_Input for this task_
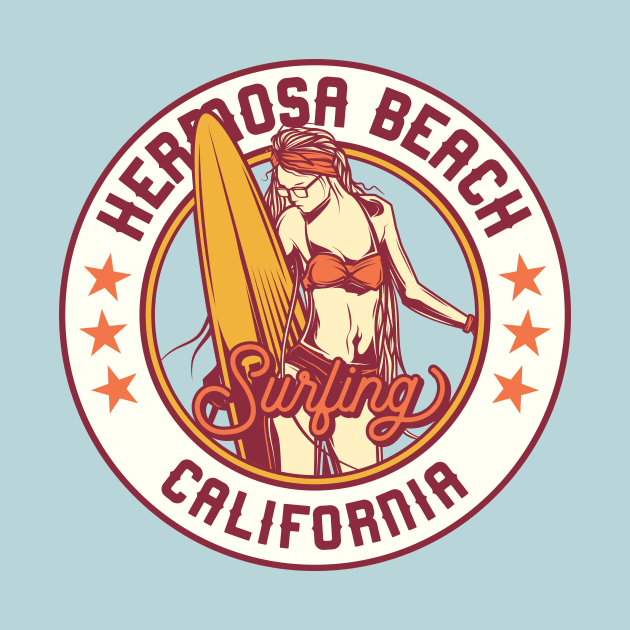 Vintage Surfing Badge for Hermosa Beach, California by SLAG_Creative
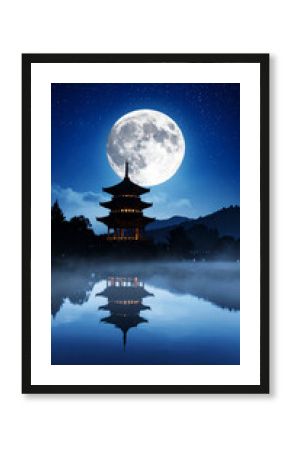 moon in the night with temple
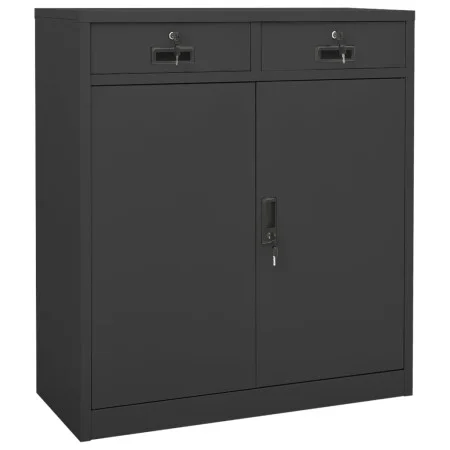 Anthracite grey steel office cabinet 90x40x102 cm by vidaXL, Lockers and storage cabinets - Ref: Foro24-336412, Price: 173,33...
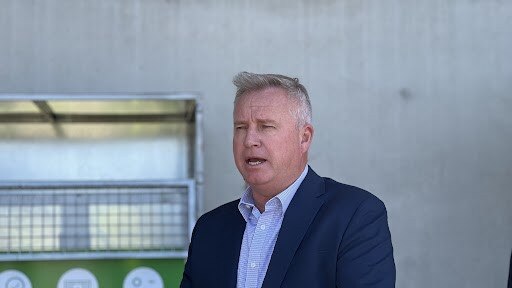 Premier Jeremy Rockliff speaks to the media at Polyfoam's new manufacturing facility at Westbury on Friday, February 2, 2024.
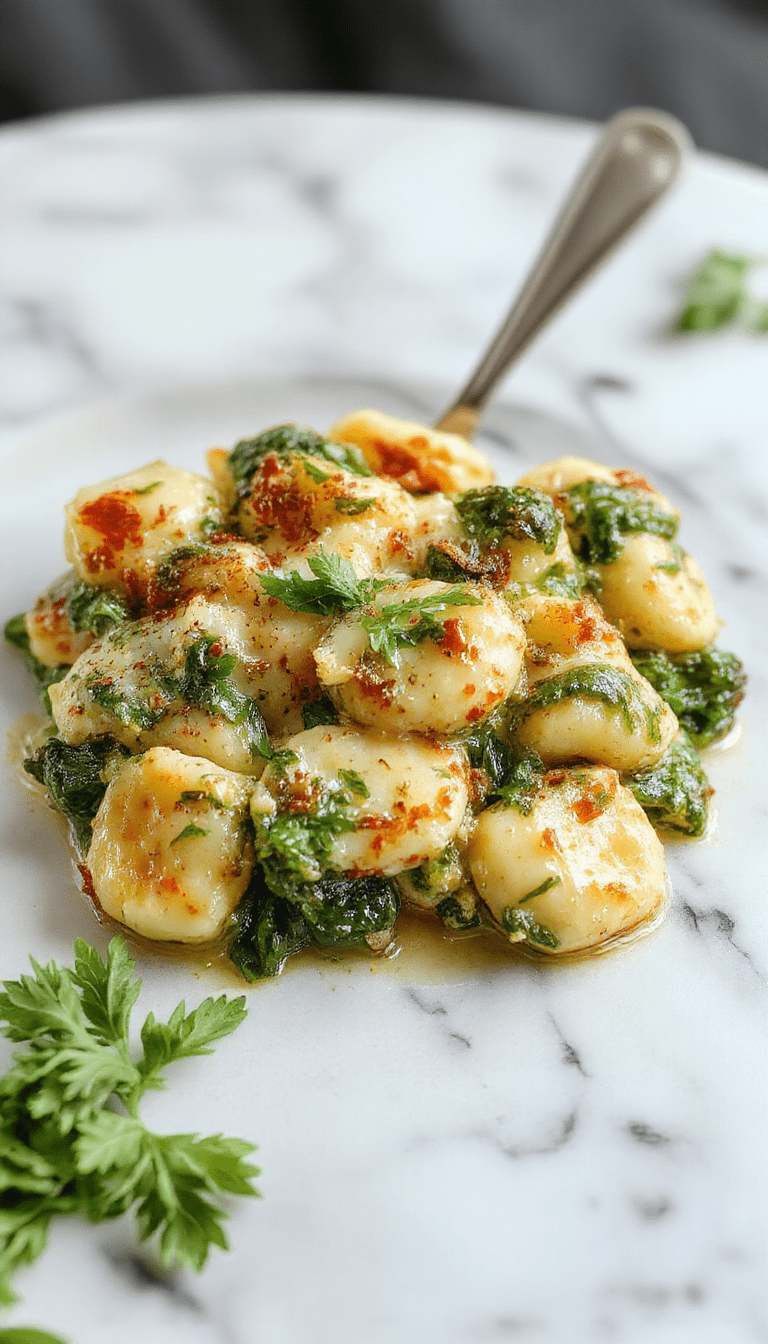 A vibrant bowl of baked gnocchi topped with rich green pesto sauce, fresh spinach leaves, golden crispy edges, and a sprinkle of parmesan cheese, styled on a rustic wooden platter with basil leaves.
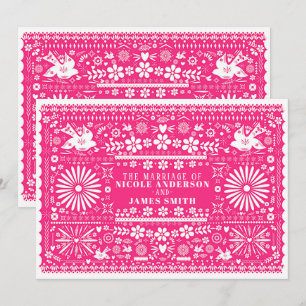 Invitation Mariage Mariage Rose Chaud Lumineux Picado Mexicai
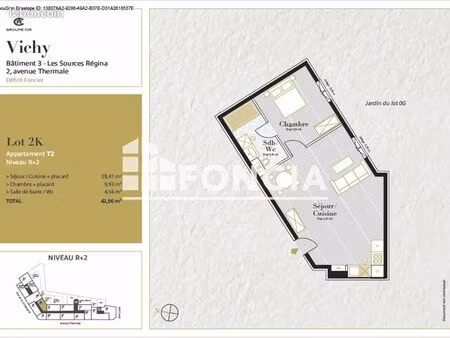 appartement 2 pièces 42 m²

_Problem description_
All lines from the one containing "Premier Jeremy Rockliff" to the last line of the records above, both included, need to be repeated word for word; omit the pictures.

_Solution to this problem_
 Premier Jeremy Rockliff speaks to the media at Polyfoam's new manufacturing facility at Westbury on Friday, February 2, 2024.
 A vibrant bowl of baked gnocchi topped with rich green pesto sauce, fresh spinach leaves, golden crispy edges, and a sprinkle of parmesan cheese, styled on a rustic wooden platter with basil leaves.
 Invitation Mariage Mariage Rose Chaud Lumineux Picado Mexicai
 appartement 2 pièces 42 m²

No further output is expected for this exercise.